We should know what to expect before our agent does anything. We picked pretty random values for our cluster size and traffic amounts, so we need to check some basic things first like “if our cluster was at its max size, can it handle peak traffic?” and “how many servers do we expect our cluster to use at peak vs at low traffic?”.

To do this, I’m going to create a cluster that has a single server with a really high capacity, turn the server on, and observe the traffic amounts. You can also probably use math to figure this out, but this is harder to mess up.

# Proposed parameters
MAX_NUM_SERVERS = 20
SERVER_CAPACITY = 10
MAX_REQUESTS_PER_TIMESTEP = 30
# how many timesteps back the agent can see
FRAME_STACK_SIZE = 8
NUM_PROCESSES = 8

    
def get_total_requests_active_over_single_run():
    # ignoring the clusters' proposed parameters for this test
    cluster = Cluster(max_num_servers=1, server_capacity=10000000)
    request_generator = RequestGenerator(MAX_REQUESTS_PER_TIMESTEP)
    feature_extractor = FeatureExtractor(cluster, MAX_REQUESTS_PER_TIMESTEP)
    reward_fn = lambda x, y, z: 0

    env = AutoScalingEnv(cluster, request_generator, feature_extractor, reward_fn)
    env = DummyVecEnv([lambda: env])
    env.reset()
    
    total_requests_active = []
    _, _, dones, infos = env.step([ACTION_ADD_SERVER])
    done, info = dones[0], infos[0]
    total_requests_active.append(info['total_requests_active'])
    
    while not done:
        _, _, dones, infos = env.step([ACTION_DO_NOTHING])
        done, info = dones[0], infos[0]
        total_requests_active.append(info['total_requests_active'])
    
    return total_requests_active

plt.xlabel('time')
plt.ylabel('total active requests')
plt.title('Total requests active in our cluster')
plt.plot(get_total_requests_active_over_single_run())

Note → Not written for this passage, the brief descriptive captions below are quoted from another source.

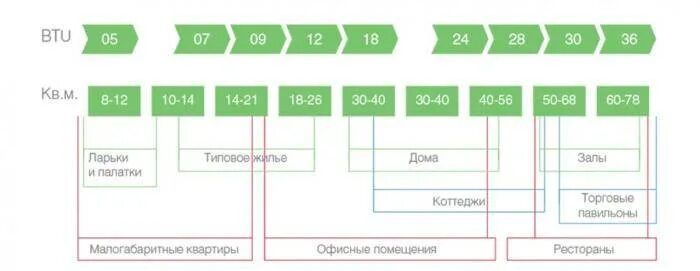 Как выбрать кондиционер по площади. Таблица сплит систем по площади. сплит система по площади помещения. кондиционер по мощности охлаждения таблица. расчет площади для кондиционера.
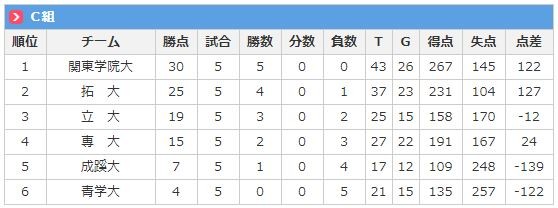�յ�C
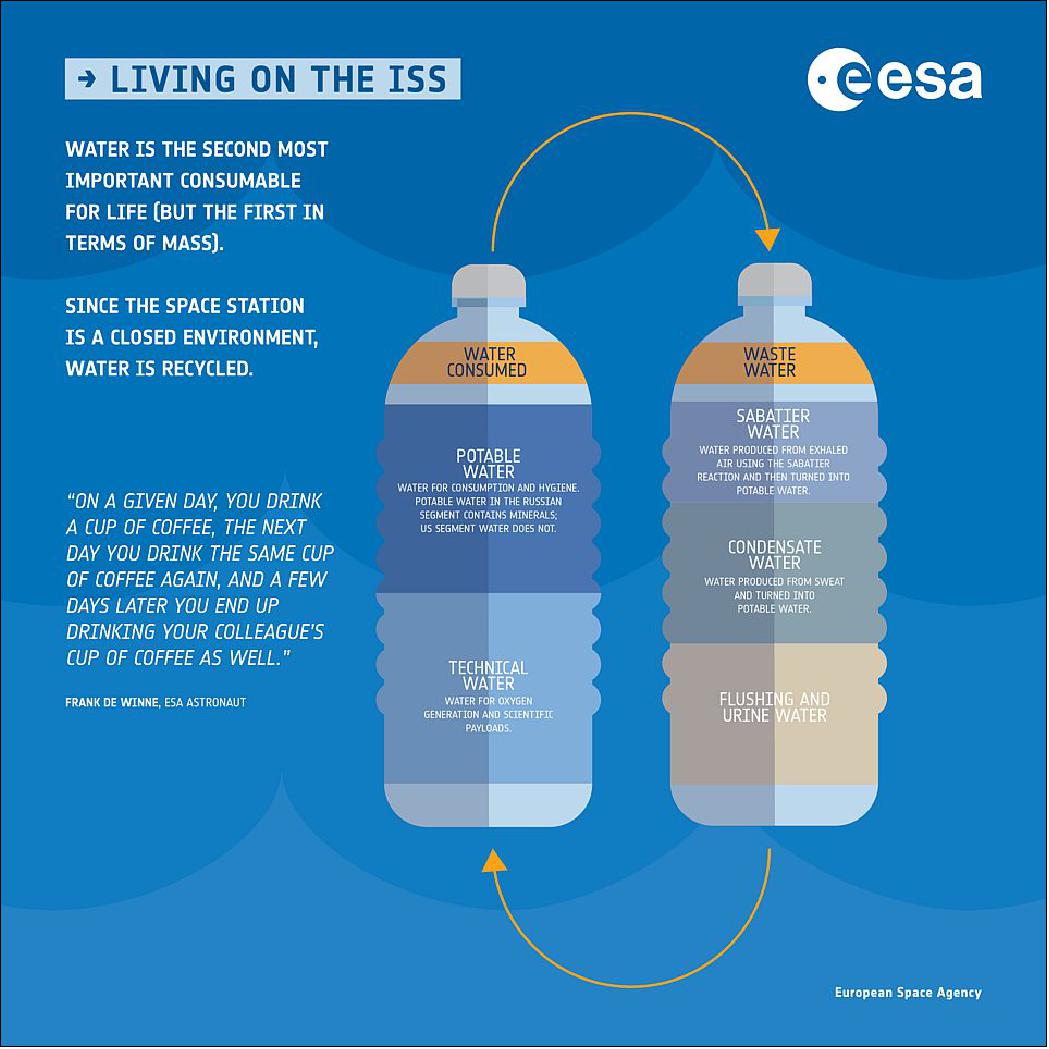 Figure 6: Recycling water on the International Space Station (image credit: ESA/NASA)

With those parameters, our cluster gets up to just above 80 requests being processed by the system at peak traffic, and just below 20 during the lowest points. With a server capacity of 10, our 20 server maximum is way more than we will ever need. We expect that our best agents will scale the number of servers between 3 and 9. Because this is a random process, you can also run this multiple times and average them together to get a better sample.

Now that we know what to expect, it’s time to pick our reward function.

Choosing a reward function

As usual, we’ll start with something simple. We know that we don’t like errors, so let’s punish the agent with a negative reward for each error.

def reward_fn(errors, last_errors, cluster):
    return (last_errors - errors) / MAX_REQUESTS_PER_TIMESTEP

We also normalize the reward so it’s between -1 and 0. Before you run this (or scroll down), think about what you would do in your agents’ shoes. Put on your best lawyer hat (or whatever profession you think is good at finding loopholes).

env = make_multi_process_env(reward_fn = reward_fn)

model = PPO2(MlpPolicy, env, verbose=0)
model.learn(total_timesteps=1000000)
display_strategy(make_single_env(reward_fn, wrap=True))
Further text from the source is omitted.